Do the fees for your home care qualify as medical expenses for the purposes of the medical expenses tax offset?

Answer: No

This ruling applies for the following periods

Year ending 30 June 2010

Year ending 30 June 2011

Year ending 30 June 2012

Year ending 30 June 2013

The scheme commenced on

1 July 2009

Relevant facts

You are an Australian resident for tax purposes, have been diagnosed with age related illness and have been assessed by the Aged Care Assessment Team as requiring high care at a residential aged care facility, as well as well as being approved for a home care package.

Your general practitioner and geriatrician have advised that home care is the best option at this stage.

Your home care is currently provided by an approved aged care provider.

The home carers are supervised by a registered nurse and have qualifications in aged care. Their duties include: overseeing showering, toileting, dressing, cleaning, clothes washing, supervising taking of medication, preparing and serving meals and ensuring the meals are eaten. The carers are not legally qualified medical practitioners.

You are incapacitated due to your cognitive decline, but are not blind, wheelchair bound or an invalid.

Reasons for decision

Subsection159P (3A) of the Income Tax Assessment Act 1936 (ITAA 1936) provides that a tax offset is available to a taxpayer whose net medical expenses in the year of income exceed the relevant threshold for that year.
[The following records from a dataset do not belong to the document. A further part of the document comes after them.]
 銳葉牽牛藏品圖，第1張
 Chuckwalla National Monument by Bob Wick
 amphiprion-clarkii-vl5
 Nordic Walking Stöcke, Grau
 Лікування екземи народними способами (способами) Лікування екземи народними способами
The medical expenses must be paid by a resident taxpayer in respect of themselves or a resident dependant. 

For the payments to an approved aged care provider to qualify as medical expenses for the purposes of the medical expenses tax offset, the expense must fall within the definition of 'medical expenses' as contained in subsection 159P(4) of the ITAA 1936.
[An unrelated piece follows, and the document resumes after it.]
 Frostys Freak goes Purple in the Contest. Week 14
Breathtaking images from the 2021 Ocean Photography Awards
In your case, you pay for carers from a registered care provider, to provide personal care to you at your home in addition to the care provided under a home care package. The carers are not legally qualified medical practitioners or nurses.

Expenditure on medically related expenses can only qualify for the tax offset if it falls within the definition of 'medical expenses' contained in subsection 159P(4) of the ITAA 1936. Paragraphs (a) to (g) of this subsection require each of the various services described to be provided by or at the direction of a legally qualified medical practitioner. As the carers in your case are not legally qualified medical practitioners and their services have not been provided under the direction of a legally qualified medical practitioner, the cost of these services cannot qualify for the medical expenses tax offset under any of these definitions.
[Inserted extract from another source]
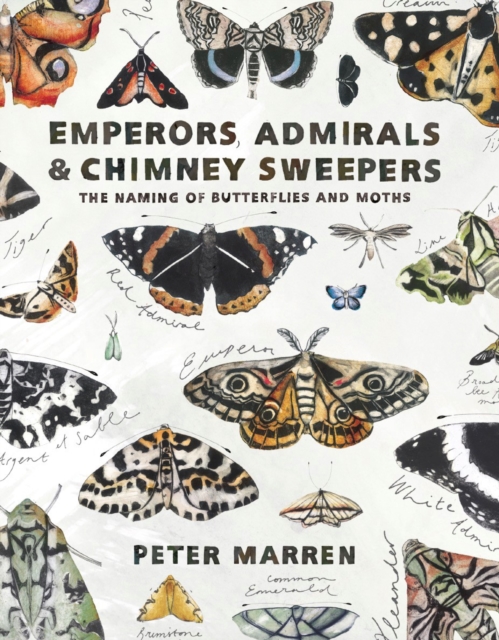 Emperors, Admirals and Chimney Sweepers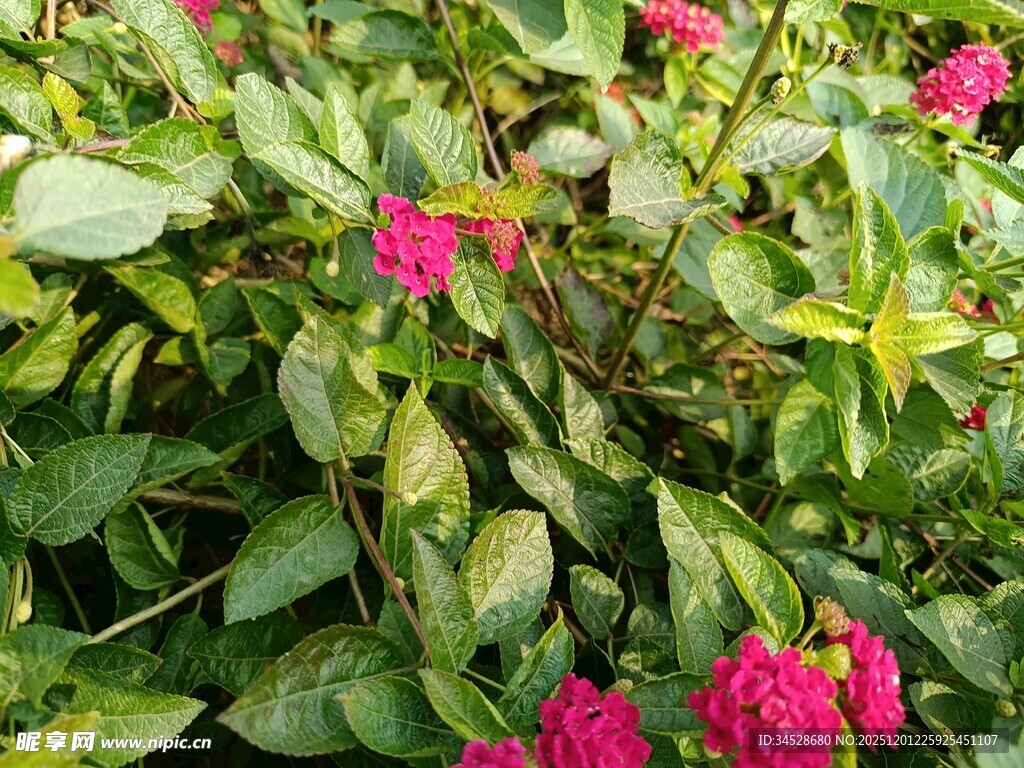 绿叶丛中的艳丽粉色花朵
Paragraph (h) of subsection 159P(4) of the ITAA 1936 includes payments to persons for services as attendants 'of a person who is blind or permanently confined to a bed or an invalid chair'.

The need to employ a person to provide assistance with your showering, toileting, dressing, cleaning, clothes washing, medication and meals is necessitated by your aged care needs. However, payments for attendant services in your case, since you are neither blind or permanently confined to a bed or an invalid chair would fall outside the scope of paragraph 159P(4)(h) of the ITAA 1936.

Therefore, payments to the approved aged care provider do not qualify as medical expenses for the purposes of the medical expenses tax offset.